Does not include timepoints at which only the alive or deceased status was ascertained (appendix p 2).
Transition events
A total of 985 incident dementia diagnoses were recorded; 332 of these were in-study and 653 out-of-study (the out vs in study incident dementia rate was 1.97, 95% CI: 1.72, 2.24). We recorded 1,257 transitions from CU to MCI (all in-study by definition) (Table s3). A total of 2,614 deaths were recorded. Among 277 incident dementias (in-study and out-of-study) that occurred within 10 years of the last PET study, the CL value was <25 in 80 (29%) of these individuals.
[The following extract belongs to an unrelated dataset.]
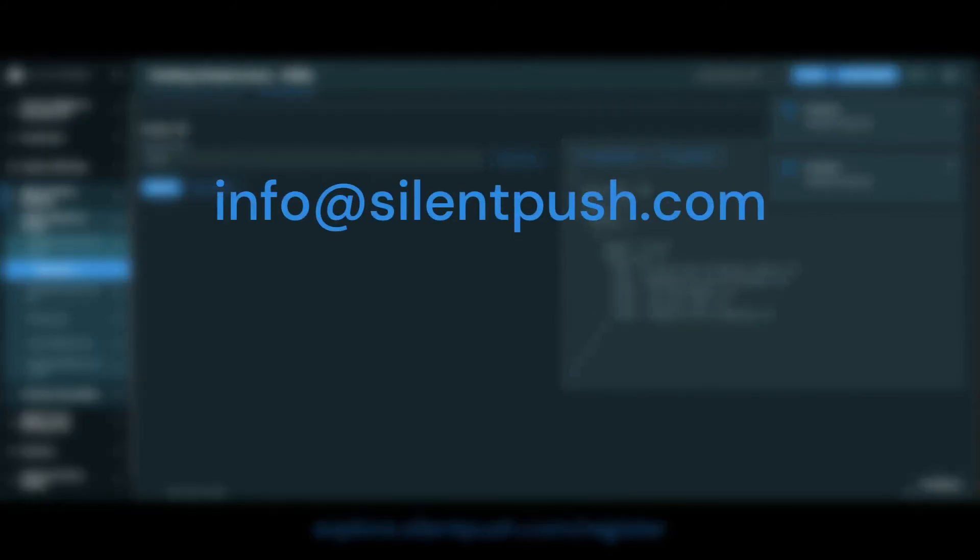That's it for now. Please like and subscribe for more DNS defense tips, and feel free to email info@silentpush.com with any queries. Thanks for watching, take care.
Predicted state by age and Centiloid value
Figure 1B illustrates properties of the MSHMM method where groups defined by amyloid PET CL are projected through advancing age. We selected, female APOE ε4 carriers who were alive and CU at age 65 as an example demographic in Figure 1B. The proportion of this risk group who were alive and CU fell monotonically with advancing age; however, at every age the probability of remaining CU was inversely related to higher CL value. The peak frequency of those with MCI or dementia (as opposed to CU) was shifted to younger age with higher CL value. For a given CL value, the proportion of the cohort in the MCI state increased to a maximum then decreased as individuals transition from MCI to dementia or death. The same pattern is seen with dementia but with a 3–4 year offset. The likelihood of being deceased increased monotonically to slightly under 100% at age 100 while the proportion in other states approached 0.
Lifetime risk
Figure 2 illustrates lifetime risk of MCI and of dementia for a starting age of 65 by the four sex and APOE ε4 groups as a function of continuous CL values. For all groups, increasing amyloid burden is associated with increasing lifetime risk of both MCI and dementia [p<0.001], although the effect trends toward a plateau at CL values above 75. Figure 3 illustrates lifetime risk for 3 discrete CL values (5, 50, 100) by starting age, sex and APOE status. For male CU APOE ε4 carriers at starting age 75 years, lifetime risk of MCI was 56.2% for CL 5, 60.2% for CL 25, 71.0% for CL 50, 75.2% for CL 75, and 76.5% for CL 100 and lifetime risk of dementia was 31.6% for CL 5, 35.7% for CL 25, 48.6% for CL 50, 54.5% for CL 75, and 56.5% for CL 100 (Table s4). At any given CL value, female APOE ε4 carriers exhibit the highest lifetime risk for both MCI and dementia, while male non-carriers demonstrate the lowest. Within each CL group for all starting ages and for both men and women, lifetime risk of MCI or dementia was greater for APOE ε4 carriers than non-carriers [p<0.001]. Within each CL group, for all starting ages, for APOE ε4 carriers and non-carriers, lifetime risk of MCI or dementia was greater for women than men [p=0.01]. Within each CL group lifetime risk of dementia was slightly greater for younger than older starting age [p<0.001], but not MCI [p=0.94]. Lifetime dementia risk showed similar patterns as MCI but were approximately 15% to 30% lower.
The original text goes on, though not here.